PERJALANAN KEBIJAKAN HARGA
            Kebijakan harga yang diterapkan pemerintah dalam perjalanannya banyak mengalami perubahan mulai dari istilah sampai dengan cara penghitungannya. Pada era Orde Baru (ORBA) pemerintah menetapkan harga gabah dan beras melalui instrument harga dasar. Pemerintah melalui BULOG (Badan Urusan Logistik) menyerap gabah dan beras petani agar tidak mengalami kejatuhan atau dibawah harga dasar. Penetapan harga dasar pada tahun 1980-an ditentukan oleh berbagai variabel dan formula. Formula yang dipakai untuk itu berubah dari waktu ke waktu.

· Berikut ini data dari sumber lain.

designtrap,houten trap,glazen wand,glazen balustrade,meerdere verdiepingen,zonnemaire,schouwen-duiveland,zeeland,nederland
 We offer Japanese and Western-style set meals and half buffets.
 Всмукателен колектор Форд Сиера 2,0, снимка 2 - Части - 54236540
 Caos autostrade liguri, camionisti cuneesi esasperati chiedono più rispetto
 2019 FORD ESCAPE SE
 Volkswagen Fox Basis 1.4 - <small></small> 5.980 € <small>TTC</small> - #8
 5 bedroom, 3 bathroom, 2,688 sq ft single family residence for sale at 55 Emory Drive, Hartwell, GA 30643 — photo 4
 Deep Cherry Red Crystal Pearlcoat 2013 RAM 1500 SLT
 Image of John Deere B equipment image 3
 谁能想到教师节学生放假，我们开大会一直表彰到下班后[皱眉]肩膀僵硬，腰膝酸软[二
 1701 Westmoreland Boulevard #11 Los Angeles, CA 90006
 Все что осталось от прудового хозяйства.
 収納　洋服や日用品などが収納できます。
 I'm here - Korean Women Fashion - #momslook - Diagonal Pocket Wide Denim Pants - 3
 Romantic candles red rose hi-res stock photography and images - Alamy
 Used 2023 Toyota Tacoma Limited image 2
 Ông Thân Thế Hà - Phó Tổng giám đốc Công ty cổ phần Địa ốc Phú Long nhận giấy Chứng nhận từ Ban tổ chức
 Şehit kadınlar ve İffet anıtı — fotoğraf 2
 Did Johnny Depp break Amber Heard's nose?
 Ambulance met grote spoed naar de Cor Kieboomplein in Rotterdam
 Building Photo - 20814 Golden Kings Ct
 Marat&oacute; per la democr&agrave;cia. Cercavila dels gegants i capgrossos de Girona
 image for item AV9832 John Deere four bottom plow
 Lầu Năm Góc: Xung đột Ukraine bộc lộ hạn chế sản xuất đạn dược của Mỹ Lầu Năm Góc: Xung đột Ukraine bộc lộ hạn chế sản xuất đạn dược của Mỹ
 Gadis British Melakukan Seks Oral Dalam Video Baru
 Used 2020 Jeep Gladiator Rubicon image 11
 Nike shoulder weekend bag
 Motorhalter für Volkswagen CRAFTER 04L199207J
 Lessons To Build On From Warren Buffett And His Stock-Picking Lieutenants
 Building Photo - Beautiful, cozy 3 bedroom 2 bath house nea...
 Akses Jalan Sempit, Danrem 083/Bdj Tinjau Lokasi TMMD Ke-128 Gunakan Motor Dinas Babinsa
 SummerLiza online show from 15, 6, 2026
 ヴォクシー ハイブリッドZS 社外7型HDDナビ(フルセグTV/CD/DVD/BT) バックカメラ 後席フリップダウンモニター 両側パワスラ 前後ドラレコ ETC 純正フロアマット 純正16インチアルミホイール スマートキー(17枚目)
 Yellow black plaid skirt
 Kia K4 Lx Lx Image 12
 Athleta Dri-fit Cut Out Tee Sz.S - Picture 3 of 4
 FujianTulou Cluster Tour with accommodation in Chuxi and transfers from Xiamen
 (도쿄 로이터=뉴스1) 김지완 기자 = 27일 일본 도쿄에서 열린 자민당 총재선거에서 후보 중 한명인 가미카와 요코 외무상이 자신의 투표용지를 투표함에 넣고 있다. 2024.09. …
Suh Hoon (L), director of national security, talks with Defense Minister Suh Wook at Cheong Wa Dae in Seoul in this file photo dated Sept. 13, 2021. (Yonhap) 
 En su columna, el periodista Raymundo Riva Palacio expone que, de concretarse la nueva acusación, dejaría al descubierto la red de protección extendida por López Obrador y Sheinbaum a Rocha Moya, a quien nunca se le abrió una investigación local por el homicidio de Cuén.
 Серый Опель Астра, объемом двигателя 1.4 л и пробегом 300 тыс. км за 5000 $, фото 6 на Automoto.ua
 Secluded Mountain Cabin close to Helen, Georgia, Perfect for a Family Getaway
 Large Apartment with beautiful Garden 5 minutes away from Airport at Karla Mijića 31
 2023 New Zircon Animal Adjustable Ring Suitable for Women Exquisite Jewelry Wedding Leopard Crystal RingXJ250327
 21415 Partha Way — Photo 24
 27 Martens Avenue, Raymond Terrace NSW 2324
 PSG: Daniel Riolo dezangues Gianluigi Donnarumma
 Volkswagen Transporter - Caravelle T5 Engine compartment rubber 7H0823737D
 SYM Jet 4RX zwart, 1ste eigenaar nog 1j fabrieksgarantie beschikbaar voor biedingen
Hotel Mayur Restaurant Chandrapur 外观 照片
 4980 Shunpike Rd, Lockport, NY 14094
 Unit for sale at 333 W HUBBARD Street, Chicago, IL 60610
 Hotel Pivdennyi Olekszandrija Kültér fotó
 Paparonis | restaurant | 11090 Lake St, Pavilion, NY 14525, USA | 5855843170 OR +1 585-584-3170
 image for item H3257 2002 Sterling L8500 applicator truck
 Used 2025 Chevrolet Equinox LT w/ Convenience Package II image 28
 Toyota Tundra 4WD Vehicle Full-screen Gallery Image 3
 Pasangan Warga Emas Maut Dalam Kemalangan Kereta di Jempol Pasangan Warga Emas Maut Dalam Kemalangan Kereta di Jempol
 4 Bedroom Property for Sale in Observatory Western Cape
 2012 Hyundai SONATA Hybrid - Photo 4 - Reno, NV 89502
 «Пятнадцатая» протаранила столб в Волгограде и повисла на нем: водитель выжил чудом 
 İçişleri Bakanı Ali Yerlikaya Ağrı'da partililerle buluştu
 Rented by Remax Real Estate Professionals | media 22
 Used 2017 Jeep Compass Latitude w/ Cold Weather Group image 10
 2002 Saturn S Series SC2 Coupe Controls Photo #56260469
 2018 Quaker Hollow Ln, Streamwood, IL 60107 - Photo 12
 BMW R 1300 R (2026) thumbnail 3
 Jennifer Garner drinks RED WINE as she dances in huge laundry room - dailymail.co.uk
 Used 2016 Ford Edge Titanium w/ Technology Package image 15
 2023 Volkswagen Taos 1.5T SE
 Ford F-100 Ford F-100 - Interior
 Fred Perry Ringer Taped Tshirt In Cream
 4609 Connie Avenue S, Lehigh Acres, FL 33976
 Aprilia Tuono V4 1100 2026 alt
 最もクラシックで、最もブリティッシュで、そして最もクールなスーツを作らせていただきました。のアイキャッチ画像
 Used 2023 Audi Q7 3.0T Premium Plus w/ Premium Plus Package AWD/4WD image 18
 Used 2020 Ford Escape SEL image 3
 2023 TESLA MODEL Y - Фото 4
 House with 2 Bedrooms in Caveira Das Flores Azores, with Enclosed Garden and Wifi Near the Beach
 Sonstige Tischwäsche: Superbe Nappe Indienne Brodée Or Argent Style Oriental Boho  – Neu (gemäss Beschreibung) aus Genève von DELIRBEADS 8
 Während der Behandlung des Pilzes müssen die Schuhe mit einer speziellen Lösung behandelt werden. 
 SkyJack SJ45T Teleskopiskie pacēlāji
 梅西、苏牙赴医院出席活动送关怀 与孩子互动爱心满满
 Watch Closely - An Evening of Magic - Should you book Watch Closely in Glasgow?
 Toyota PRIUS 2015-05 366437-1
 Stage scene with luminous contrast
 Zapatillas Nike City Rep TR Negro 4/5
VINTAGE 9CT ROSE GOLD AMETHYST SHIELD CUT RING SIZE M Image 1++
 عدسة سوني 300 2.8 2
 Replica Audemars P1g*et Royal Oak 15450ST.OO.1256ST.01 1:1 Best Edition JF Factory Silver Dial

Awalnya harga dasar mengacu pada rumus tani, yaitu harga per kg gabah kering simpan (GKS) sama dengan harga per kg urea. Namun Sejak awal tahun 1990an, harga dasar ditetapkan dengan mempertimbangkan biaya produksi, tingkat inflasi, dan harga beras di pasar internasional. Harga beras luar negeri dipakai sebagai patokan biaya oportunitas dan efisiensi pada industri beras nasional.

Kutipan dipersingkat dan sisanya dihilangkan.